Protecting Public Health and the Environment.

Georgetown Industrial Site

History

The former Central Farmers facility is located seven miles to the east of Georgetown, Idaho, within Georgetown Canyon in Bear Lake County. 

From April 1906 to October 1907, 16 association placer mining claims were located on the phosphate deposits of Georgetown Canyon. The Utah Fertilizer & Chemical Manufacturing Company (UF&CMC) was incorporated January 29, 1908, specifically to purchase the mining claims at Georgetown Canyon and other places and develop mines on the phosphate property (Campbell,1923). The UF&CMC applied for and received patents for all 16 placer mining claims in 1912, 1915, and 1916.

In 1928, the UF&CMC sold all its interests in the 16 patented placer mining claims of Georgetown Canyon to the Stockholders Syndicate of Los Angeles, California (Campbell, 1928). It is noteworthy that the last president of record of the Utah company was F. W. Braun of Los Angeles. At the time of sale and transfer of title of the 16 patented claims, F. W. Braun was listed as the president of the Stockholders Syndicate.

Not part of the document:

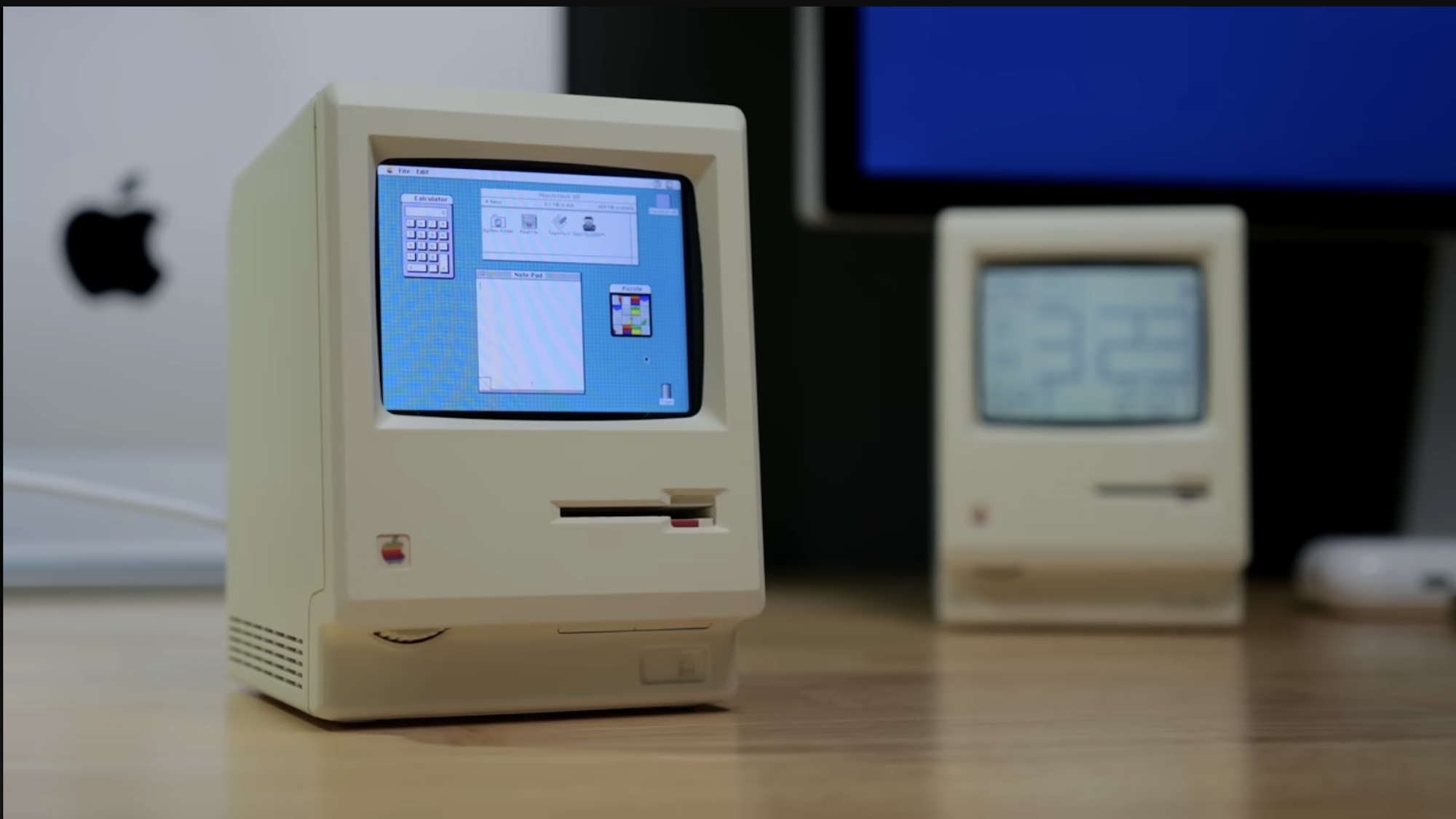 Tiny Macintosh model computer built into toy novelty clock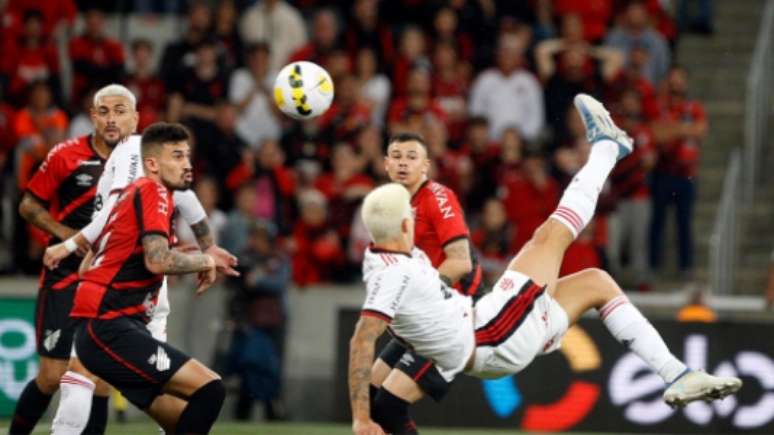 Pedro marcou golaço pelo Flamengo (Foto: Albari Rosa/Lancepress!)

The I6 patented placer mining claims of Stockholders Syndicate were sold to Central Farmers Fertilizer Company (CFFC) in 1955 (Hansen, 1964). The CFFC was a large farm cooperative made up of smaller farm co-ops throughout the south, midwest, and northwest United States and southern Canada (Emigh, 1959). Very soon after acquisition of the property, the CFFC announced that plans were being made to begin a $7.5 million project to construct a processing plant and open a mine in Georgetown Canyon. In fact, construction started on a processing plant with an electric furnace and kiln in the Canyon in 1957 (Cressman, 1964) and open pit mining was first reported in June 1958. The railroad spur that was first conceived in 1916 was finally constructed up the Canyon to the site of the new processing facility in 1957. The facility consisted of a beneficiation plant, 35,000 kw electric furnace, phosphoric acid plant, and fertilizer processing plant, and was completed in May 1959 (Service, 1966). By late-1959, all underground mining had been abandoned and by-1960, the new open pit was approximately 3,000 feet long, 100 feet wide, and 100 feet deep (Fletcher, 1960).

In 1964, production stopped from the mine. In July 1964, the El Paso Natural Gas Products Company bought the Georgetown Canyon phosphate properties from the CFFC (Hansen, 1965) and in October, closed the plant facility and moved parts of it to Conda where the company was building a new phosphate processing plant (Service, 1967).

In 1992, Nu-West Industries, Inc. bought out the Western Co-operative Fertilizer, Ltd., and formed a wholly owned subsidiary named Nu-West Mining, Inc. to replace the co-op in Conda Partnership. In 1995, the Conda Partnership was dissolved and all of the mine properties were assigned to Nu-West Mining, Inc. In October 1995, Nu-West Industries was acquired by Agrium, Inc., a Canadian firm based in Calgary, Alberta, Canada.